Advanced Data Science Course - Stanza Academy

Stanza Academy

Advanced Data Science Course

Data is everywhere around us. We generate more data every 40 minutes than all of the data generated since the dawn of civilization until 2003. The ability to work with data, understand what it tells us, and use it in your communication has become an essential life and career skill.

Decisions that used to be straightforward are increasingly more complex and driven by data. Individuals across all disciplines need to constantly separate fact from friction. The need to analyze and interpret data has permeated every discipline — across engineering, business, finance, social sciences, humanities, and even journalism. Several leading academics now agree that the mathematics we teach in high school is rooted in the 1950s space race and needs to be updated to reflect the realities of the digital and information age of today.

2Sigma School takes an interactive approach to data exploration, rather than a lecture based approach. Our classes are hands-on and use several tools that are used by leading data scientists as well as higher education universities, as illustrated by the following video clip of a live session in a small cohort.

The Advanced Data Science online course is equivalent to a 1-semester college level course, adapted for high school. It combines three perspectives: inferential thinking, computational thinking, and real-world relevance. Given data arising from some real-world phenomenon, how does one analyze that data so as to understand the phenomenon and draw conclusions? The course teaches critical concepts and skills in computer programming and statistical inference, in conjunction with hands-on analysis of real-world datasets, including economic data, document collections, geographical data, and social networks. It delves into social issues surrounding data analysis such as privacy and design.

Data science is more than just a combination of programming and statistics. Effective data science requires understanding problem domains and correctly interpreting domain-specific approaches.

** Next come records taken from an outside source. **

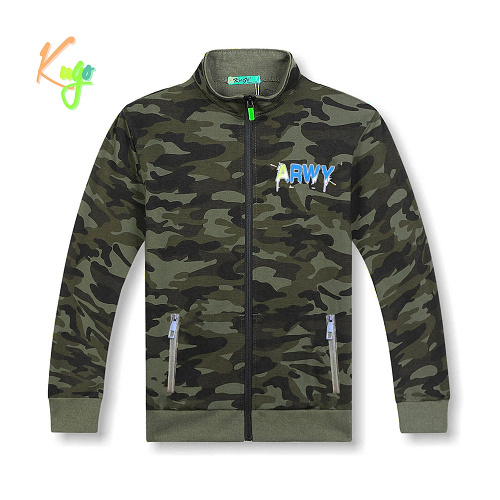 Chlapecká maskáčová mikina KUGO (134-164)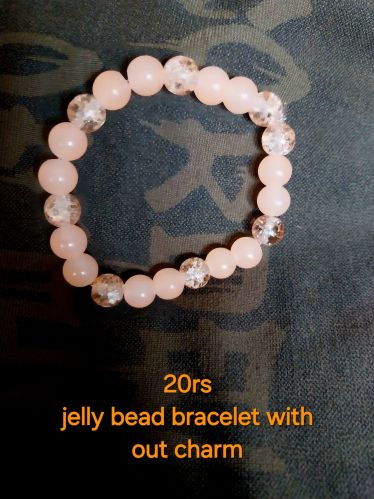 Glass Round Jelly Beaded Bracelet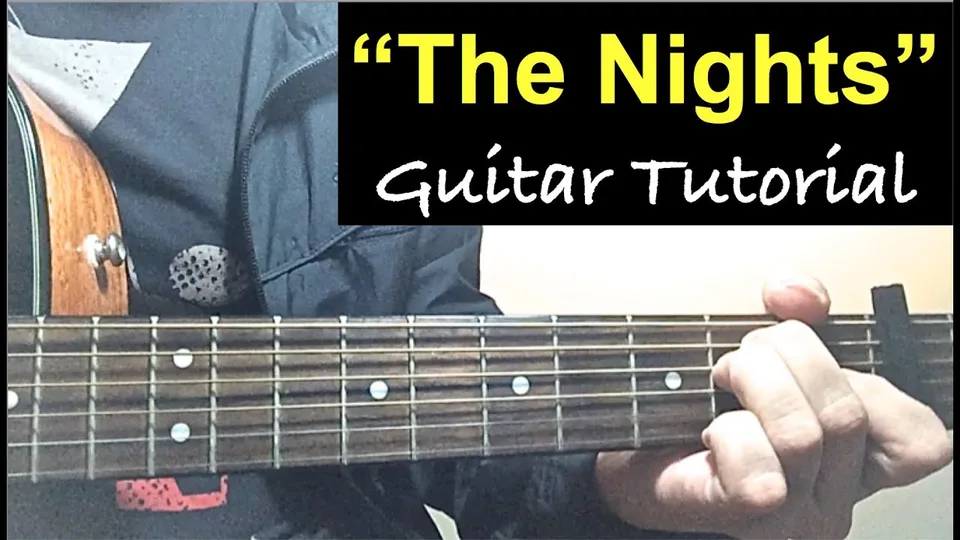 Avicii - The Nights guitar lesson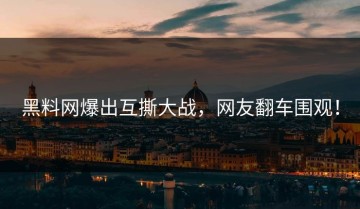黑料网爆出互撕大战，网友翻车围观！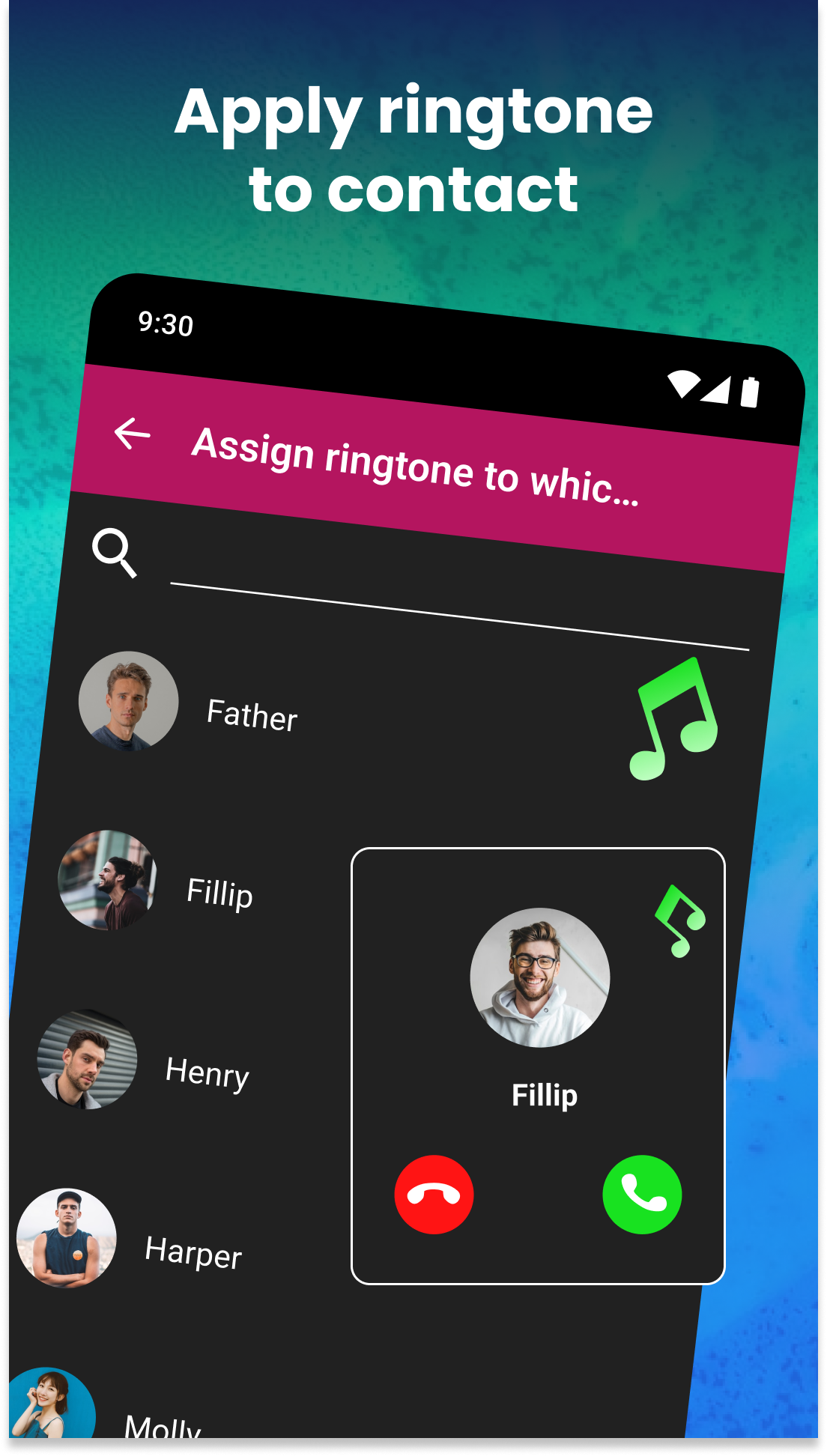 اسکرین شات 5 برنامه Ringtone Maker and MP3 Editor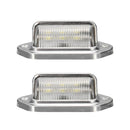 2Pcs 6LED License Plate Tag Lights Lamps for Truck SUV Trailer Van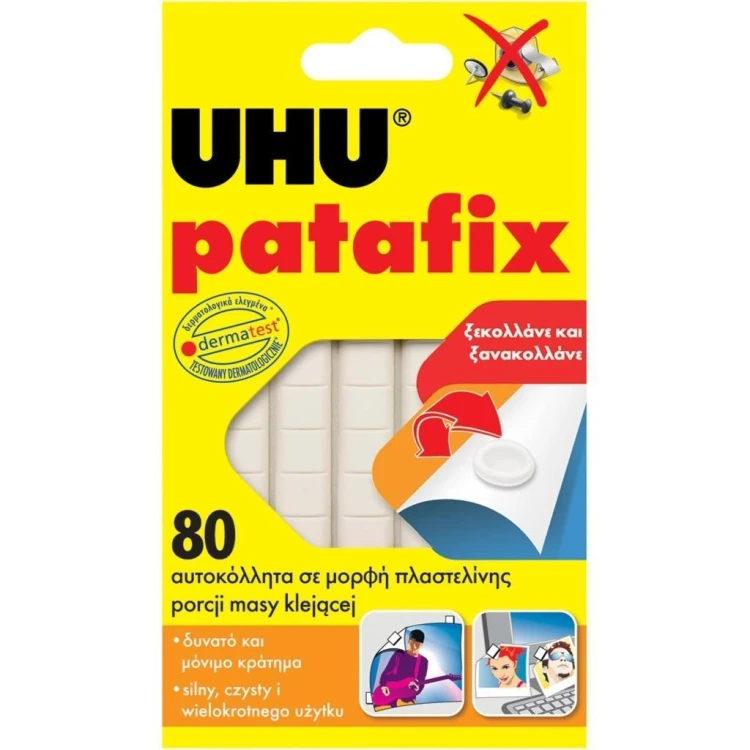 Masa klejąca Patafix 80szt UHU, UHU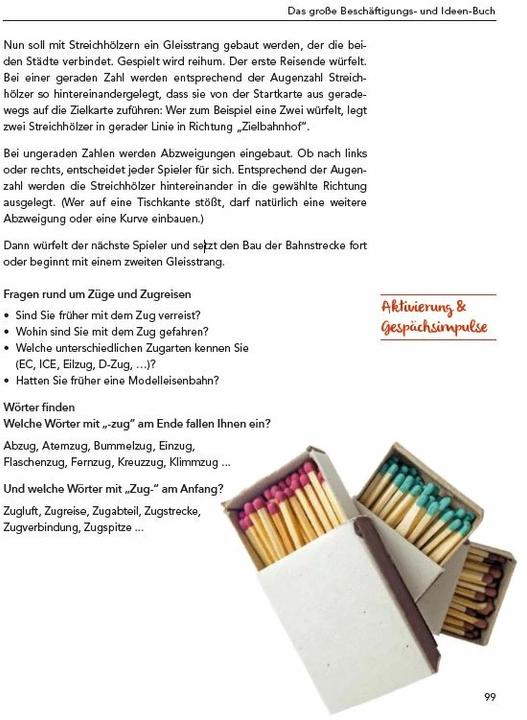 Immagine prodotto Das grosse Beschäftigungsbuch für Menschen mit Demenz (Tedesco, Linus Paul, 2016)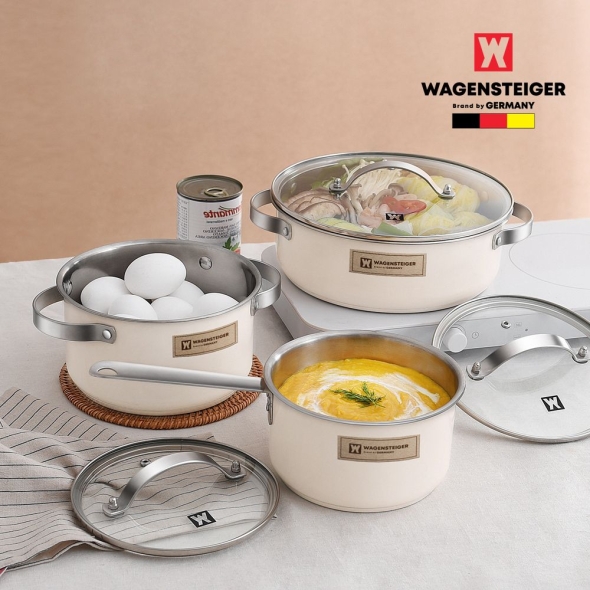 바겐슈타이거 파머스 IH 3종 냄비 세트(아이보리)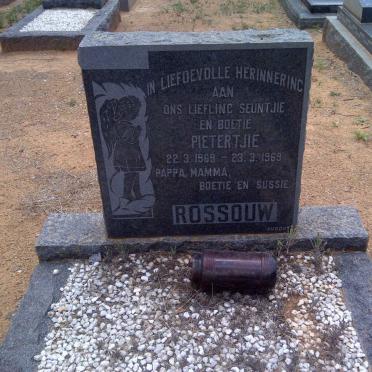 ROSSOUW Pietertjie 1969-1969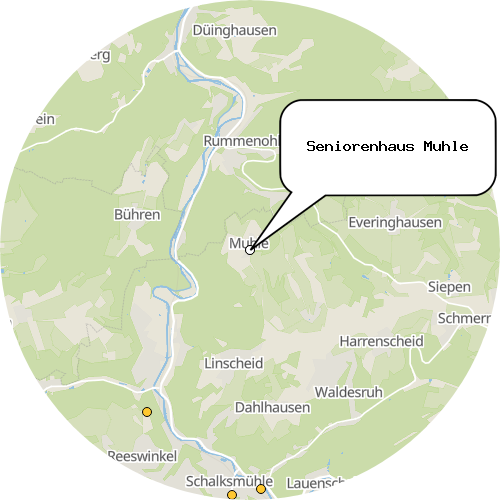 Kartenausschnitt für die Firma Seniorenhaus Muhle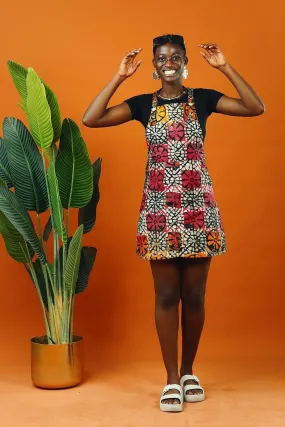 Batik Mini Pinafore Dress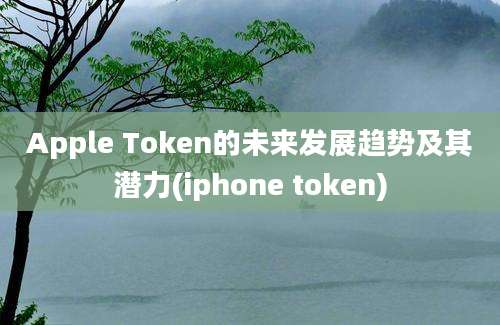 Apple Token的未来发展趋势及其潜力(iphone token)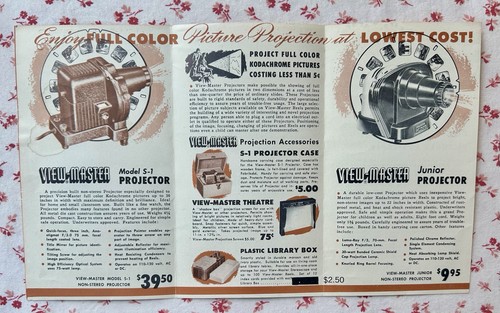 Vintage 1940s Sawyer's View-Master Projectors Sales Brochures S-1 ~ Junior Model - Picture 3 of 6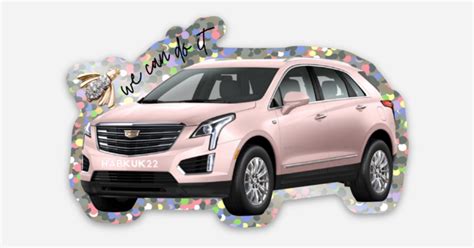 Cadillac by Sarah Maass | Glitter stickers | Sticker Mule India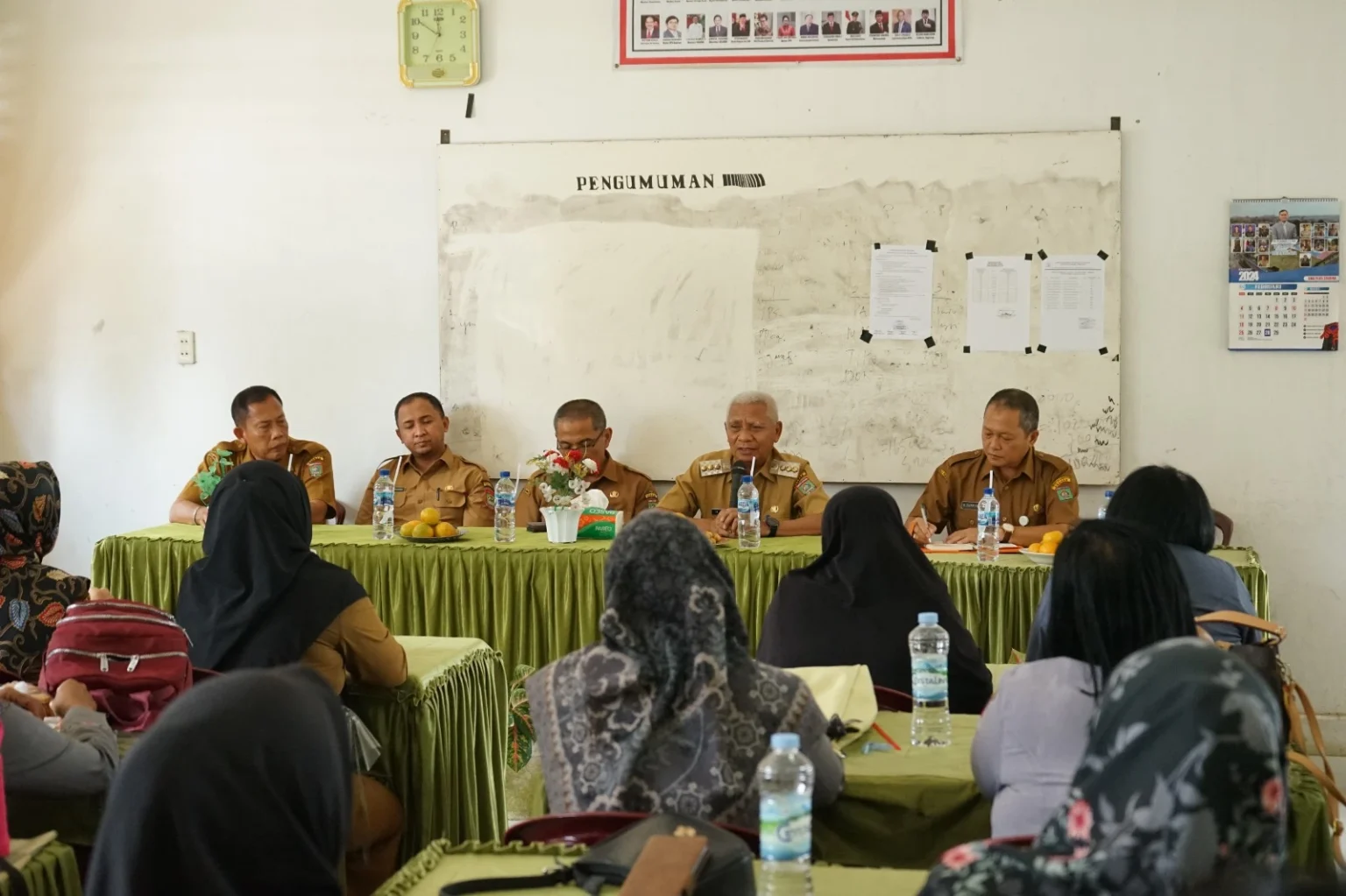 Bupati Asahan Silaturahmi dengan Kepala UPTD SD dan SMP di Kecamatan Pulo Bandring dan Meranti untuk Meningkatkan Mutu Pendidikan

The examples in this course are largely drawn from real-world data sets, and one of the main goals of this course is to develop the ability to apply analysis and prediction techniques to real-world scenarios.

This is an advanced course meant for students who have experience with Python programming or who have previously taken the AP Computer Science A class. At the end of the course, students will have a portfolio of their data science work to showcase their newly developed knowledge and understanding.

In order to maximize our time together during the live sessions, we use a flipped classroom model that includes pre-work for every class. This allows students to program with the support of an instructor during the class. The pre-work includes pre-recorded videos, online reading, and some programming practice.